What Hameen found surprised him. He became involved with Jazz Haven, a non-profit which supports and advocates for jazz music and musicians and produces the annual summer New Haven Jazz Festival.
Explains Jazz Haven President Doug Morrill: “When Jesse came back, he wanted to offer something to New Haven. He is very much a community person, and jazz is a wonderful community-building vehicle.”
Hameen was also appointed the chair of the lauded jazz studies program at the Neighborhood Music School in New Haven, a role that gives him the chance to teach and mentor young jazz musicians, among them young pianist Christian Sands. He is also on faculty at the Hartford Conservatory.
“What makes Jesse different from other jazz musicians is his willingness to go the full mile in terms of keeping the music alive,” says Morrill.
“I believe that being a musician is not just an individual path, but that people should benefit from it,” Hameen says. “My goal is to be a human excellence advocate.”
His recent album Sign of the Times, his first solo project in over 20 years, was released last August on his independent Inspire Music label, and rings with the sounds of jazz that is New Haven’s own — well traveled and world-wise, but determinedly funky.
“New Haven has a sound — a bluesy, funky sound,” Hameen says. “Just like people all over the country have their different accents, their different personalities — that’s their voice. On my CD I like everything to be groovy. That’s what we are in New Haven, is groovy.”
The album combines six bluesy, recently penned compositions with three other Hameen originals from a 1993 session featuring New York trombonist Benny Powell. All of the tracks are filled with the rich sound of the Hammond B-3 organ, an instrument Hameen has tapped often in his career.
As its title suggests, it is a timely album in many senses, with songs like “Conducive Environment,” which features Hameen’s two-fisted explosion of a drum solo in 6/4 time, and “Tighten Your Belt,” a funky number which allows the group to really lock in.

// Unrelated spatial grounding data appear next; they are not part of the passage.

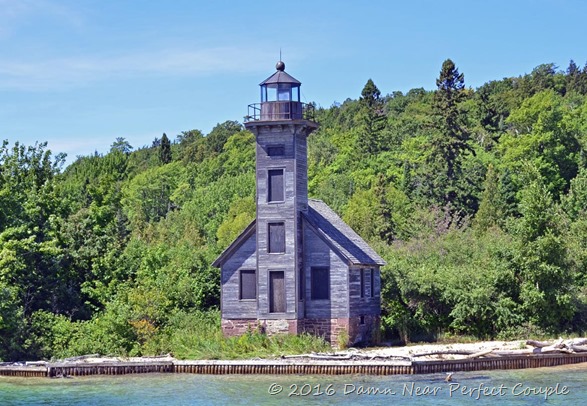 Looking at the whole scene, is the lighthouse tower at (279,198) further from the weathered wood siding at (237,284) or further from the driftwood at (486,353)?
the driftwood at (486,353)

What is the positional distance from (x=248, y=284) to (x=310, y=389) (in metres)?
9.72

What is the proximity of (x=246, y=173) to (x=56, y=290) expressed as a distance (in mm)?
45547

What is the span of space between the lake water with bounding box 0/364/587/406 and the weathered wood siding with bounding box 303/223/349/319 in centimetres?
600

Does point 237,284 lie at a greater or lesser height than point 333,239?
lesser

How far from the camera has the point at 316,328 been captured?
4097cm

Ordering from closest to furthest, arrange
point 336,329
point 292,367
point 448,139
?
point 292,367, point 336,329, point 448,139

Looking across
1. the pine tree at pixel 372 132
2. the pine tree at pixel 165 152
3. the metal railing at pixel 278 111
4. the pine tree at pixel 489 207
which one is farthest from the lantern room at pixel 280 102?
the pine tree at pixel 165 152

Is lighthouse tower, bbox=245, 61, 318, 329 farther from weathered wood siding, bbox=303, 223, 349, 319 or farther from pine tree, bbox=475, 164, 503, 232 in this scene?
pine tree, bbox=475, 164, 503, 232

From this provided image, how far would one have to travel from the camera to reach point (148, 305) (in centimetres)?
4203

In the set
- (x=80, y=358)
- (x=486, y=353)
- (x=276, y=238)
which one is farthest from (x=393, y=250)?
(x=80, y=358)

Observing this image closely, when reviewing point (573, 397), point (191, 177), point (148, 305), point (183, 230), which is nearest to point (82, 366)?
point (148, 305)

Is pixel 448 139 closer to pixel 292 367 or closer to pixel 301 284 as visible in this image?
pixel 301 284

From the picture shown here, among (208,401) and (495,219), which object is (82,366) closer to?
(208,401)

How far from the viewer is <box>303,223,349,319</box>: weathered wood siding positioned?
4069 cm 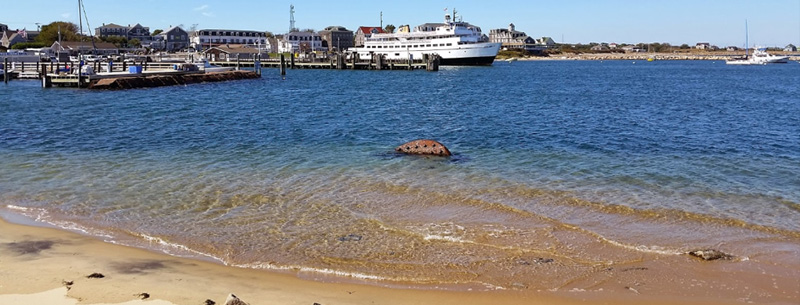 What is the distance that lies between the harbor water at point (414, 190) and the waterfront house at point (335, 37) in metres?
138

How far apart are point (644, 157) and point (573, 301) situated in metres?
12.3

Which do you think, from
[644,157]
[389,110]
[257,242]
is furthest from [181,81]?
[257,242]

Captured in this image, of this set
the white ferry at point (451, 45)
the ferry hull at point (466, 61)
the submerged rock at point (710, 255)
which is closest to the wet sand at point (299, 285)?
the submerged rock at point (710, 255)

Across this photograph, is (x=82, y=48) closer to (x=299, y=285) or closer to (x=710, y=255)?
(x=299, y=285)

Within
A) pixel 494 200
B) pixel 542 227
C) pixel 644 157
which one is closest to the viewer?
pixel 542 227

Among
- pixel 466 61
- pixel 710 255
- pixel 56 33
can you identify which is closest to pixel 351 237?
pixel 710 255

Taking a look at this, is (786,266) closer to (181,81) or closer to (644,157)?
(644,157)

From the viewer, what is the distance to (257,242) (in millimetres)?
9945

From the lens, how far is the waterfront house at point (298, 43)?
152625mm

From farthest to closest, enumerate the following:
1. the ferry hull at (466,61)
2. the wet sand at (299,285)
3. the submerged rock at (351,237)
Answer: the ferry hull at (466,61)
the submerged rock at (351,237)
the wet sand at (299,285)

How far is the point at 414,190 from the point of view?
13.9 meters

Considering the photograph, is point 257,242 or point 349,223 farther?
point 349,223

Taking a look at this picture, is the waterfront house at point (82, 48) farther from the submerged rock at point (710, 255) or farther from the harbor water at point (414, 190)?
→ the submerged rock at point (710, 255)

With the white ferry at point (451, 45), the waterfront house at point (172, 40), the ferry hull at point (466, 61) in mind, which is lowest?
the ferry hull at point (466, 61) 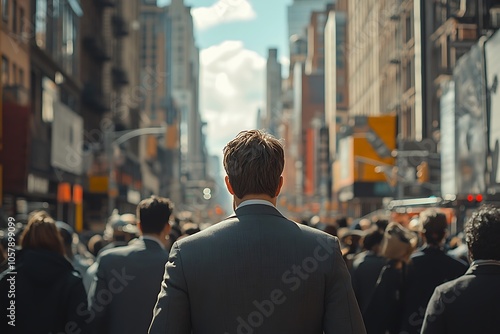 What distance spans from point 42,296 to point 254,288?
379cm

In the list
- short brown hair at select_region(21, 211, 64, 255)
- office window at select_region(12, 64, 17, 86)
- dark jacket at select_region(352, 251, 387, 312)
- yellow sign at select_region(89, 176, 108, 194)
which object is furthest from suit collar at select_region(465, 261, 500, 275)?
yellow sign at select_region(89, 176, 108, 194)

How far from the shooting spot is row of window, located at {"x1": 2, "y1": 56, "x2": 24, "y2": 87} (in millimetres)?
37450

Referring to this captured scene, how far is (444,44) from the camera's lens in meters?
58.5

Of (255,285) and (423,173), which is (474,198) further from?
(423,173)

“All of my songs have meaning,” Hameen said enigmatically in a November concert. “‘Tighten Your Belt.’ We all know what that means,” he said, alluding to the current recession.
Of President-elect Barack Obama, Hameen says, “Whether he was elected or not, the fact that there’s so many people who are willing to accept an African-American President is a sign of the times. That shows that the climate has changed, that people are now realizing that it’s the content of a person’s character and not the color of their skin that’s happening.”
While Hameen was recently diagnosed with prostate cancer and plans to undergo radiation treatment, he says he feels strong: “I feel good, my ideas are flowing, I’m still writing. I practice every day.”
This article was published in the January 2009 issue of New Haven Magazine.